1920 British film by George Edwardes-Hall

Desire (aka The Magic Skin) is a 1920 British silent fantasy film directed by George Edwardes-Hall, produced by Edward Godal, and starring Dennis Neilson-Terry, Yvonne Arnaud and Christine Maitland. The film was known in England as The Magic Skin. The screenplay was based on the 1831 Honoré de Balzac novel Le Peau de Chagrin, which strangely was adapted to film three different times in 1920 alone, the other two being released as The Dream Cheater and Narayama.

Born in 1872, director Hall relocated from his birthplace Brooklyn, New York to England later in life, then moved to California, where he died in 1922. He actually did more screenwriting than directing during his career, and also wrote a number of plays and short stories.

==Plot==
A man named Valentin obtains a magic shagreen, a leather hide made from the skin of a wild jackass.

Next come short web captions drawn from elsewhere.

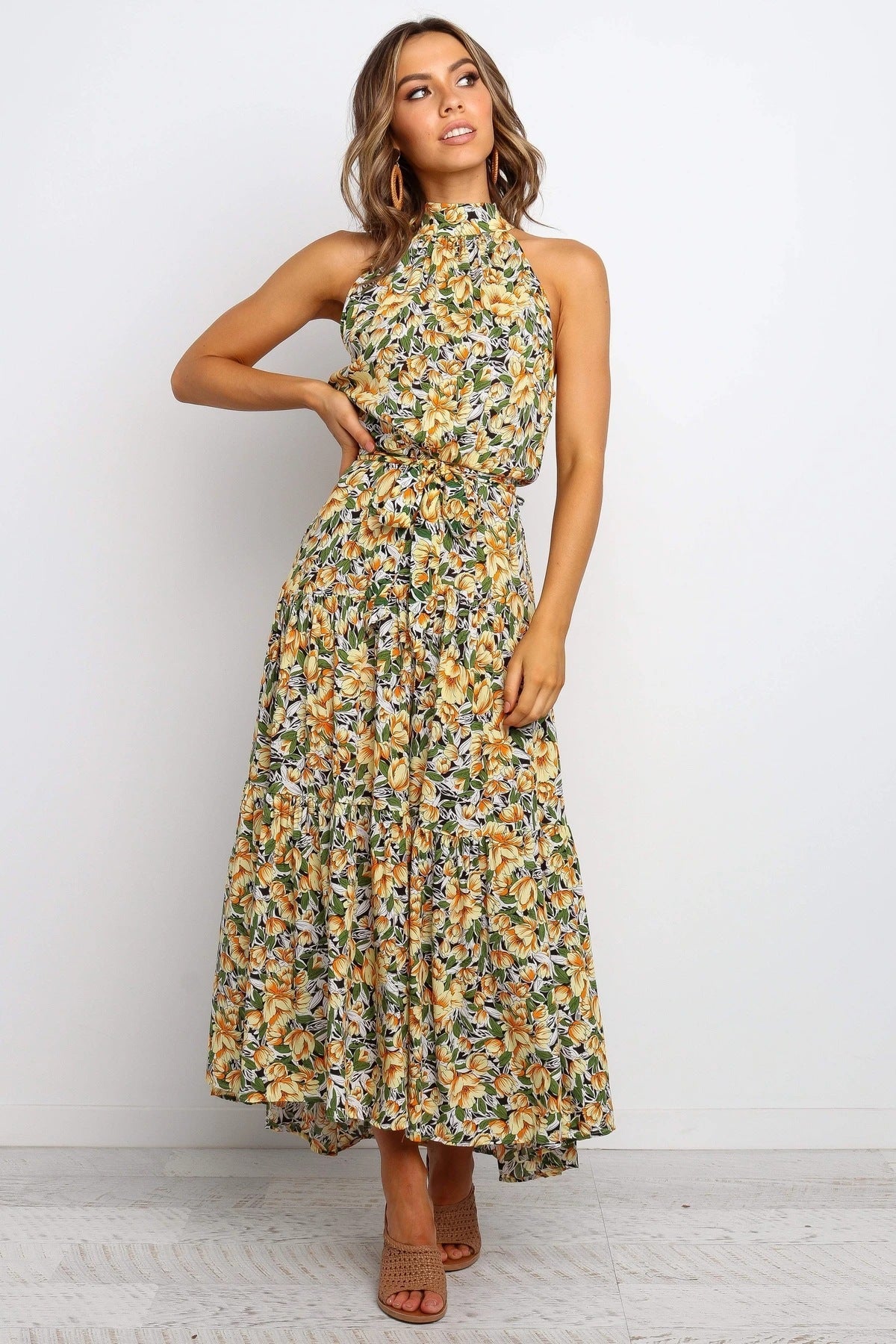 Maxikleid für Damen mit Blumenmuster und Halterausschnitt von berg-feldt
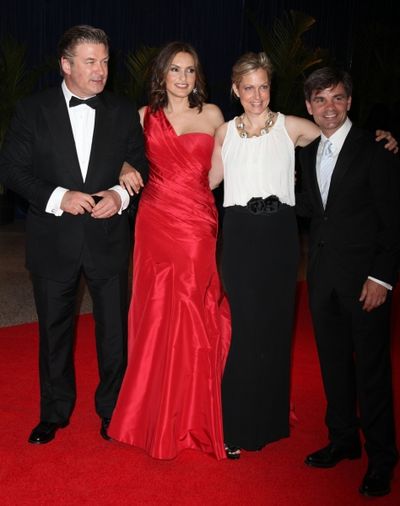 Alec Baldwin, Mariska Hargitay, Alexandra Wentworth & George Stephanopoulos Photo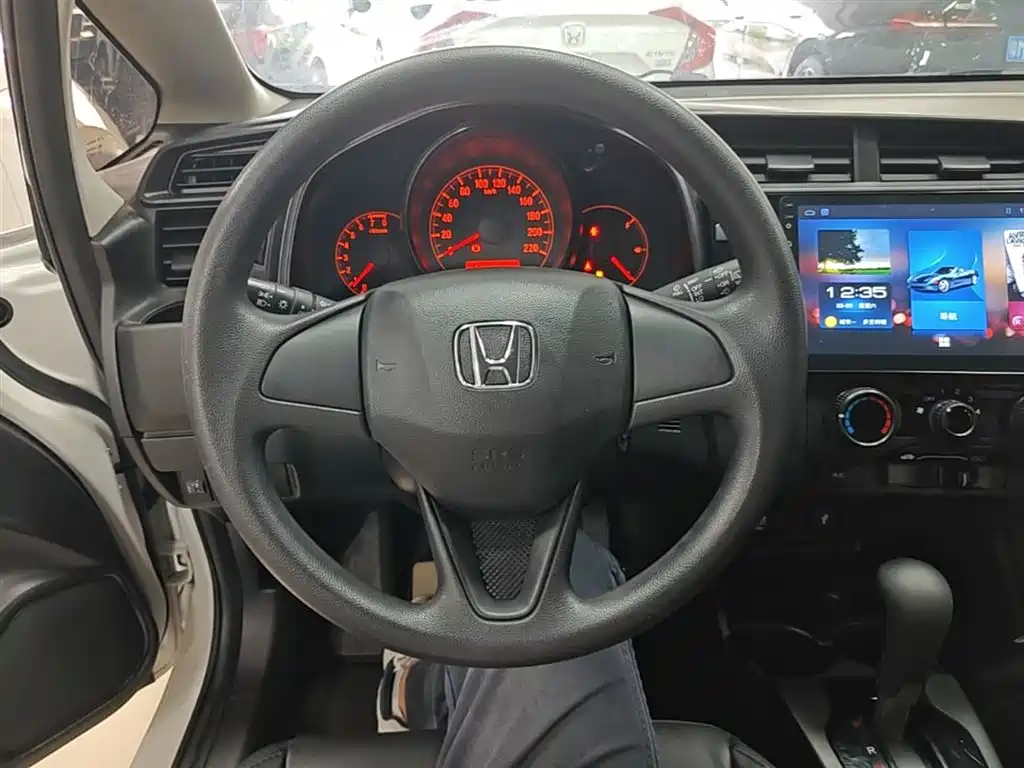 Honda Fit — фото 11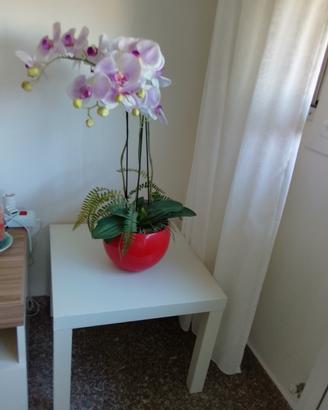 tavolino con orchidea finta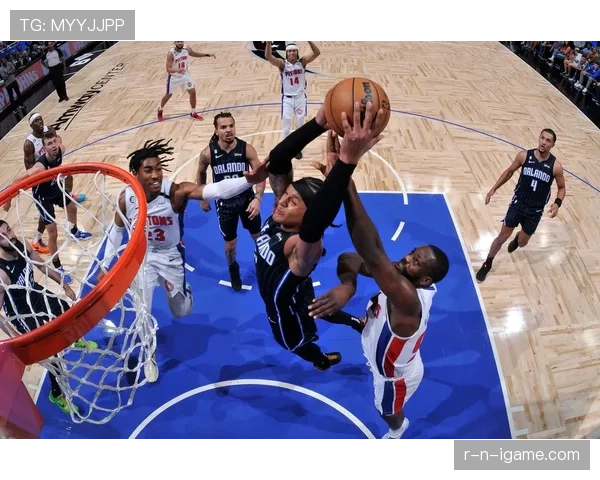 班凯罗状元首秀惊艳,高光时刻引爆全联盟 班凯罗状元首秀惊艳,高光时刻引爆全联盟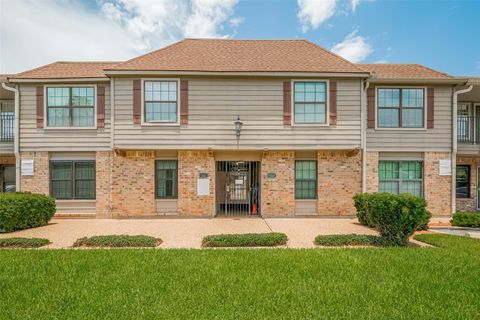 Condo For Sale - 606 Marshall Street #35<br/> Houston, TX 77006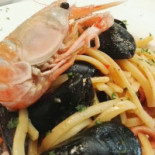 Ai Due Delfini Nourriture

The shagreen is said to grant its owner's every wish, but at the price of his immortal soul.

==Cast==
- Dennis Neilson-Terry as Raphael Valentin
- Yvonne Arnaud as Pauline
- Christine Maitland as Fedora
- George W. Anson as Duval
- Chris Walker as Jonathan
- Pardoe Woodman as Emile
- Austin Leigh as Andre Valentin
- Saba Raleigh as Mother

==Bibliography==
- Low, Rachael. History of the British Film, 1918-1929. George Allen & Unwin, 1971.